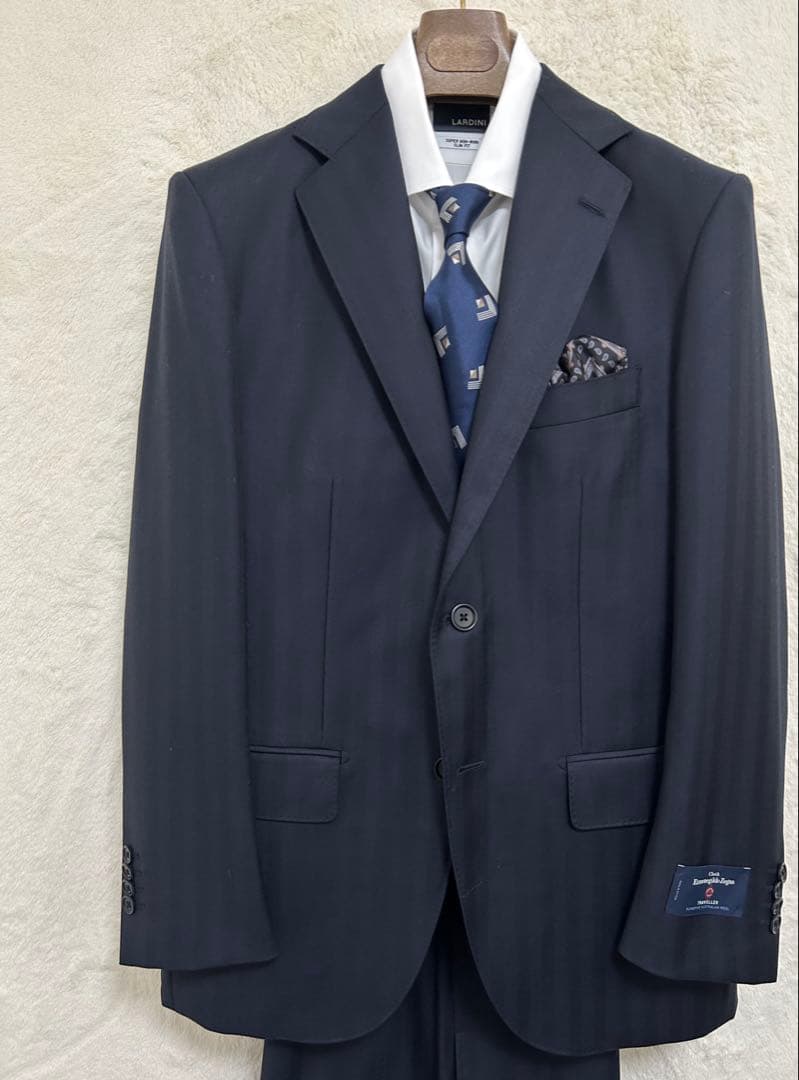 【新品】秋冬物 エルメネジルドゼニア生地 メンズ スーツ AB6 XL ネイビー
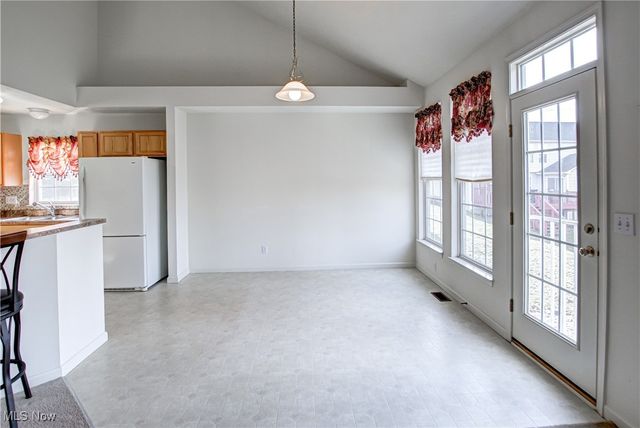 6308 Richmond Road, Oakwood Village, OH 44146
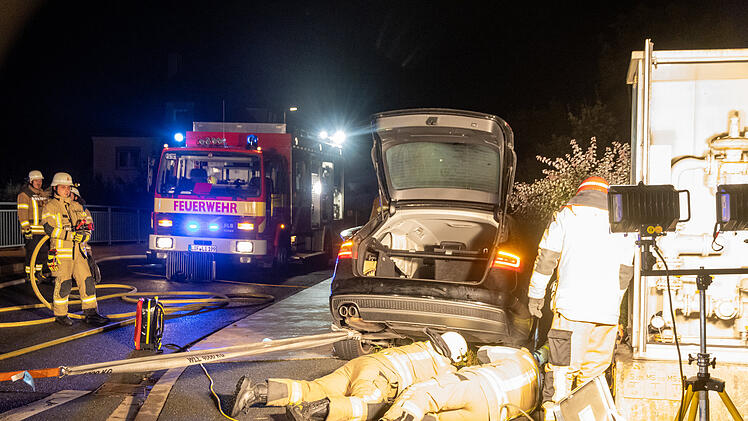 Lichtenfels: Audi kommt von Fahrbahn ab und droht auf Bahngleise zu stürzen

---

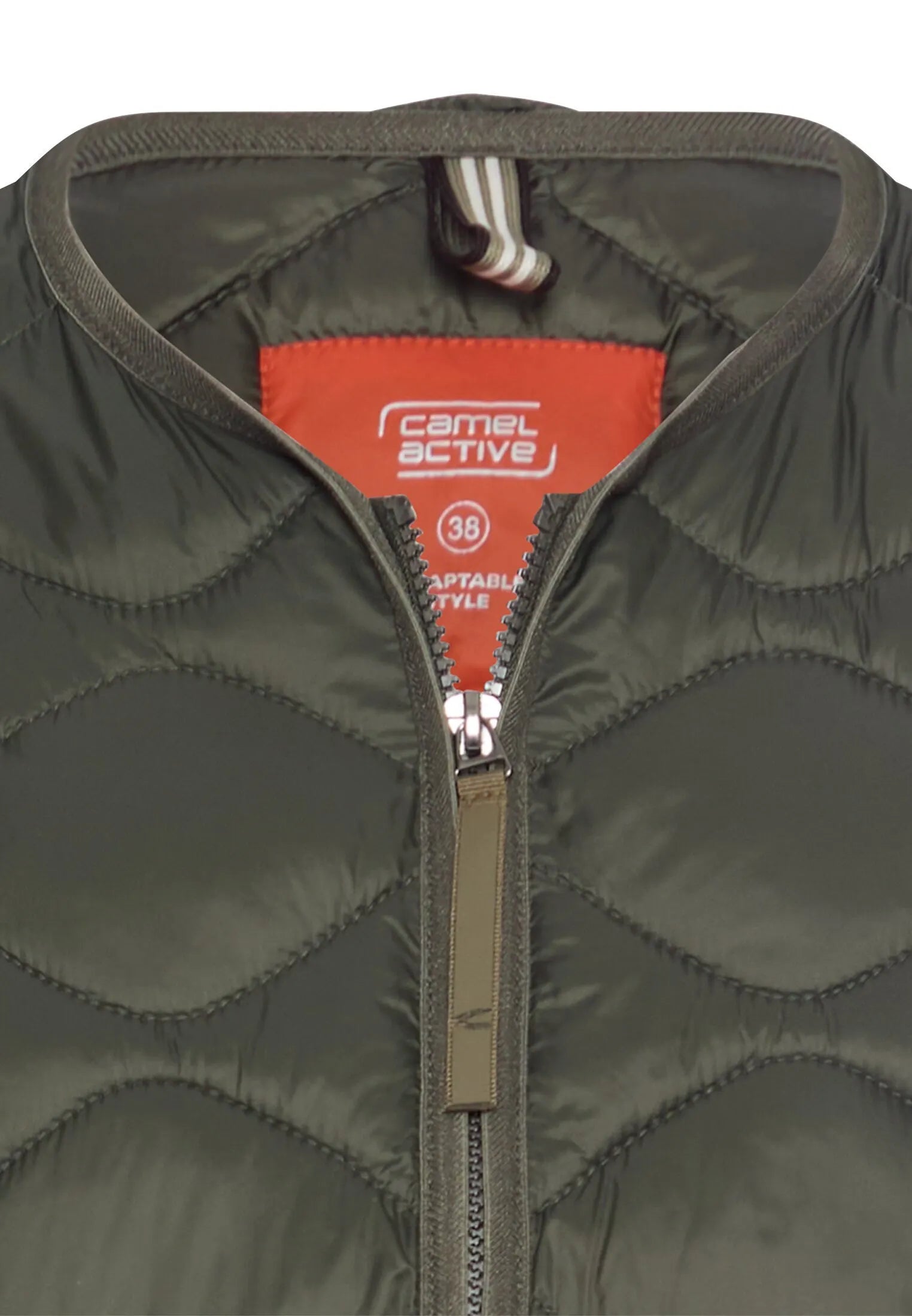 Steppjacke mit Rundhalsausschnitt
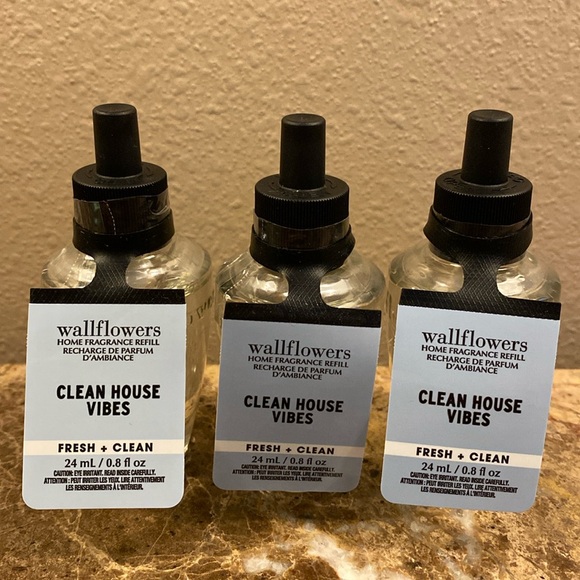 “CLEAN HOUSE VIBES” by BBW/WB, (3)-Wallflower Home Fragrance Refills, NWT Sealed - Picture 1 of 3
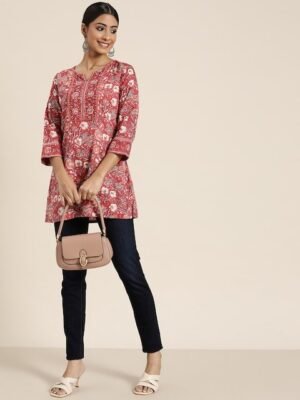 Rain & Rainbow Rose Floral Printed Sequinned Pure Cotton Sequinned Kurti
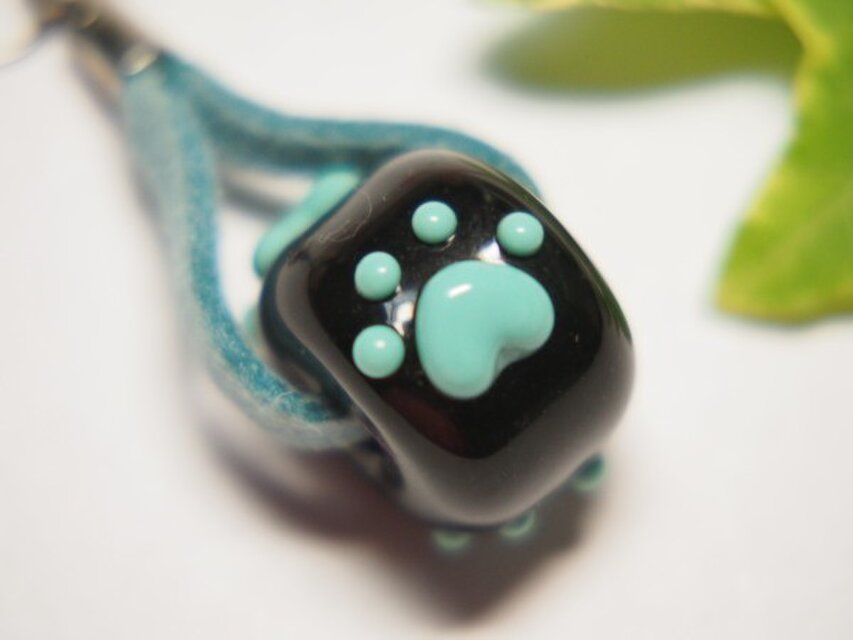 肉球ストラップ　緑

■ What is required
Please copy out from the data above, without any picture, exactly the lines running from the one that holds "AB6 XL ネイビー" through the one that holds "Lichtenfels: Audi kommt", and nothing beyond them.

■ Exercise solution
 【新品】秋冬物 エルメネジルドゼニア生地 メンズ スーツ AB6 XL ネイビー
 6308 Richmond Road, Oakwood Village, OH 44146
 Lichtenfels: Audi kommt von Fahrbahn ab und droht auf Bahngleise zu stürzen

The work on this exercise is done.